I said unfortunately because with research I gained interest in the topic and also desire to create my own, which will most likely perform worse and possibly be more expensive than off the shelf ones, but it's too late now.. xD
That is why I'm looking into replacing them with mosfets that consume next to nothing.
There is a bit more to that. A typical discrete cell balancing circuit has a voltage reference (TL431), followed by a power transistor. That power transistor usually has a power resistor attached, to lower dissipation in the transistor and to limit max current.
Leo..
I think it may be possible to use mosfets. Below is a circuit for measuring the voltage of a battery that's above Vcc. The key is the capacitor. When the control line goes low, the gate voltage drops at first by the same voltage drop, which is enough to turn on the mosfet. The capacitor begins to recharge, but the analog reading can be done before the mosfet actually turns off. And the capacitor protects the GPIO from the high voltage. I suspect a very small capacitor would work well enough. This doesn't provide any capacitive balancing, but maybe that could be worked in. In any case, you wouldn't need relays or optocouplers. What do you think?
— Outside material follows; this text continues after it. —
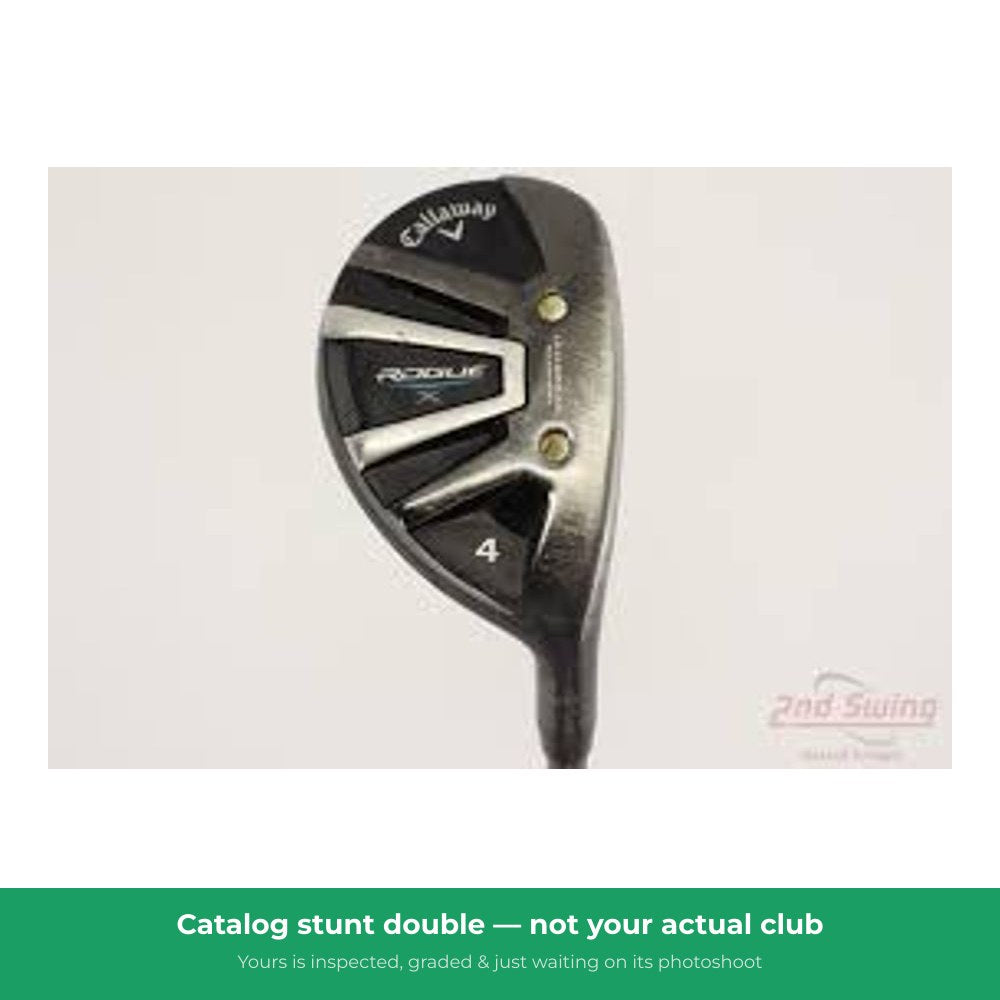Callaway Rogue X HY RH 20 ° R Flex — representative photo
Well, at each measuring point you would get the voltage of the entire stack below that point. So you could just save each of those readings, then subtract to get the voltage of each cell.
Correct. However there has not been a proper description of a flying capacitor circuit yet. The one in the first post was a bit poor.
This is the relay circuit for a single flying capacitor. You need one of these for each battery in the pack. Note the contacts on the relay need to be a double pole change over switch.
Fair point, I just got around to trying to design the circuit and realized that the internal body diode would mess things up. I guess the only way to use the flying capacitor design is with relays... Bummer.
That's a very neat trick. I don't see why it wouldn't work. Avoid MOSFETs with large gate charge, as that will require larger capacitors to make it work well.
A resistor of 100k and cap of 100 nF should give you about 5 ms to read the voltage (in that period the gate goes from -5V to -3V, that's still fully on for e.g. the BSS84 - assuming <1 mA current through the voltage divider), plenty of time for an Arduino to read the voltage.